Theodore Slate - Oct 23, 2008

One of the most attractive holiday destinations in the Indian Ocean, Mauritius, has been attracting thousands of travelers; its pristine white beaches are much praised as they are stunningly clean and perfect for spending the lazy afternoons just lying around. Diving is one of the most popular water sports here, and many enthusiasts are attracted by the marvelously colorful coral reefs that encircle the island. Local authorities are aware of the importance of the tourist industry and are planning to double the number of incoming visitors. However, the scientists warn that such a radical change presents a direct threat to the natural environment of Mauritius.

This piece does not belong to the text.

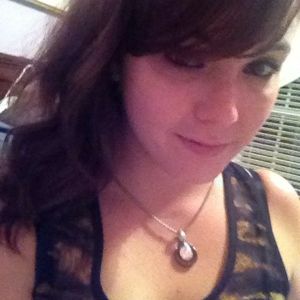 Meet your Posher, Kaylene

Anyone who comes here admires the unforgettable magic of this place; many newly-wed couples spend their honeymoon at this destination. The Turtle Bay is a very popular diving spot, and the surrounding waters are drawing numerous divers, water-skiers or swimmers. The combination of too many tourists, anchor damage, pollution or hotel waste has a devastating effect on the marine life.


Last year, the total number of 900,000 travelers visited Mauritius. Local authorities have designed a project which should attract 2 million tourists per annum by the year 2015. Even though such decision is very appalling, many scientists agree that the situation is not hopeless. They encourage the government to change and enforce law in order to protect the environment to a much higher degree. Only such precautions may help avoid further irreversible damage.


However, tourists do not present the only threat; intensive sugar cane farming resulted in the destruction of nearly all of the natural forest, and consequentially, the soil erosion caused major sedimentation problems on the coast. Clearly, local approach toward the environment requires radical changes, which the government cannot avoid.